When it comes to non-humans you can play ogres when is fun. Though to be honest the setting subverts a lot of the Tolkein tropes. It’s more mage-punky than Tolkein and is closer to a low magic Pratchett than to Tolkein.

If it’s an option I would highly recommend the WFRP 4e Starter Set. It is one of the best rpg sets I’ve ever seen.
 

I haven't had the opportunity to play it myself, but I hear good things about the 50 Fathoms setting for Savage Worlds, and it seems to fit most of your criteria. You have numerous different races, but no elves or dwarves. It's pretty dark, with a rather tragic backstory. The book comes with a Plot Point Campaign which takes you all over the setting, and deals with a lot of the background and (hopefully) solves some of the setting's issues. The PPC is designed so there are nine main adventures plus a side quest of another nine, and in between there are smaller adventures connected to the places you visit.

The setting itself is heavily nautically themed, as one might infer from the name. The description is fairly sparse, about 1-3 pages on every port. That's sufficient, but we're not talking Forgotten Realms levels of detail.

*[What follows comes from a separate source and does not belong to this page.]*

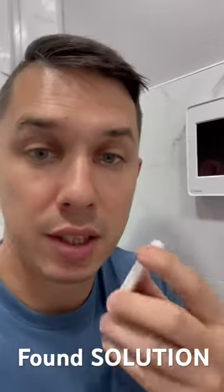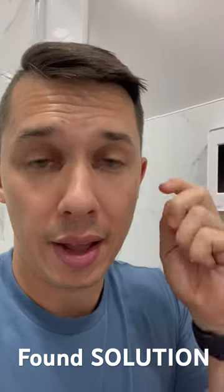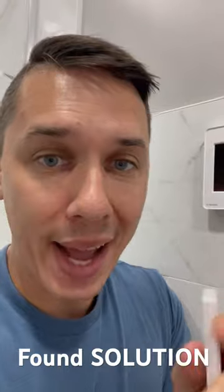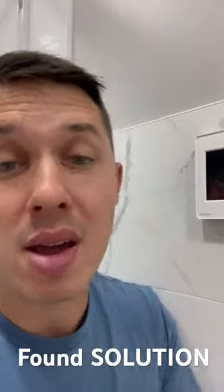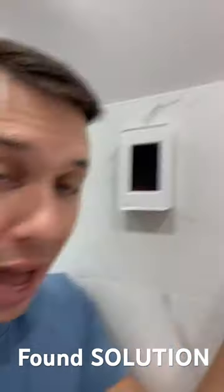I was trying to pair my Pico with a Lutron switch but it didn't work. I checked all the videos on YouTube and found out that when you add the switch first to the mobile app and then want to pair manually, it doesn't work.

One issue is that the setting is written for the previous edition of Savage Worlds, the Explorer's Edition. That means there are some things that need a little conversion work if you want to use the current version of the rules, the Adventurer's Edition (aka SWADE). But we're not talking edition changes like D&D has for the most part, where AD&D, 3e, 4e, and 5e are basically different games that share some common ideas. It's more like 3.0 to 3.5.
 



Chaosium & Mongoose have published several versions of Stormbringer/Elric of Melnibone RPGs, based on Michael
Moorcock’s books. Chaosium also published Hawkmoon and Corum RPGs, likewise based on the books.

TSR released 2Ed D&D rules to play in Lankhmar, Fritz Lieber’s story word, which is almost entirely human-centric.
 

Everway, especially - arguably only - if you can procure a copy of the Spherewalker Sourcebook (it's entirely systemless detail of the many worlds of Everway).